- Born: Charles T. How 1840
- Died: October 8, 1909 (aged 68–69) Prangins, Switzerland
- Occupation(s): Real-estate developer, lawyer

= Charles T. How =

American real-estate developer and lawyer (1840–1909)

Charles T. How (1840 – October 8, 1909) was an American lawyer and real-estate developer who began the development of mansions (also known as cottages) in Bar Harbor, Maine, in the late 19th century.

== Early life ==
How was born in 1840.

== Career ==
Upon visiting Bar Harbor in 1870, he began the process of buying large amounts of land in and around the town, eventually becoming its largest landowner.

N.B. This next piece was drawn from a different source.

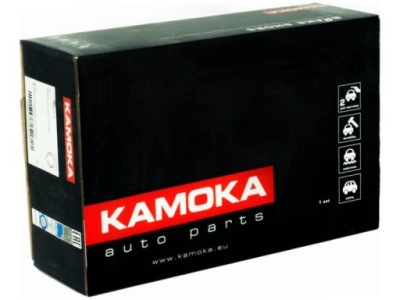 Суппорт левый перед mazda 3 3 1.5-2.2 cx-3 1.5 2.0 фото №1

Around a decade later, Bar Harbor's summer population, who visited from the east-coast metropolises, were having cottages built for them, rather than having to book hotel rooms for themselves. These included Blair Eyrie, Mizzentop, Stanwood and The Turrets.

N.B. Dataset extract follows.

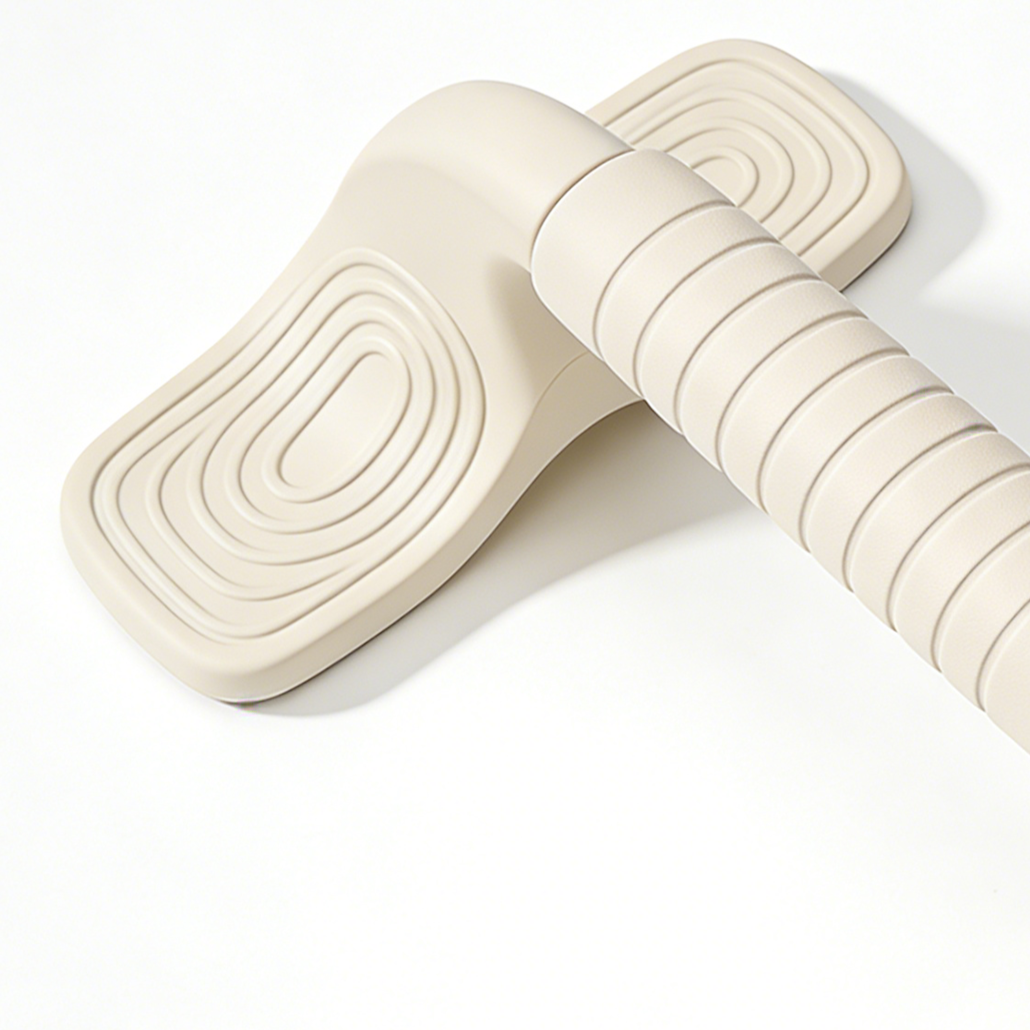 홈트레이닝용 푸쉬업 스탠드 세트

How lived in Boston, at the Brunswick Hotel, during the winter months, and moved north to Bar Harbor for the rest of the year, arriving in early spring to prepare for that year's influx of visitors. He stayed at the Belmont Hotel, which was owned by his brother, John, and nephew, Waldron Bates. His parents and sisters stayed at the Cleftstone.

The chairperson of the Bar Harbor Society for several years, he also founded the Village Improvement Association.

When Bar Harbor's supply of water began to struggle, How founded the Eden Water Company as a competitor to the Bar Harbor Water Company. How's venture did not need to pump any water, for the simple threat of this competition resulted in the established company improving its service.

How also donated what is believed by many to be the first parcel of land in the future Acadia National Park. He gifted Fawn Pond (just to the west of Hulls Cove) to the Village Improvement Association in 1906.

== Death ==
How died while in Prangins, Switzerland, on October 8, 1909. He was aged 68 or 69.

== Legacy ==
The former master bedroom at Bar Harbor's Cleftstone Manor is named for him. In addition, plaques honoring How have been placed at the intersection of Woodbury and Cleftstone Roads and at Fawn Pond.

In 1911, the summer residents of Bar Harbor created a memorial to How in Woodbury Park, a four-acre gift to the town from How, to honor his work in the town.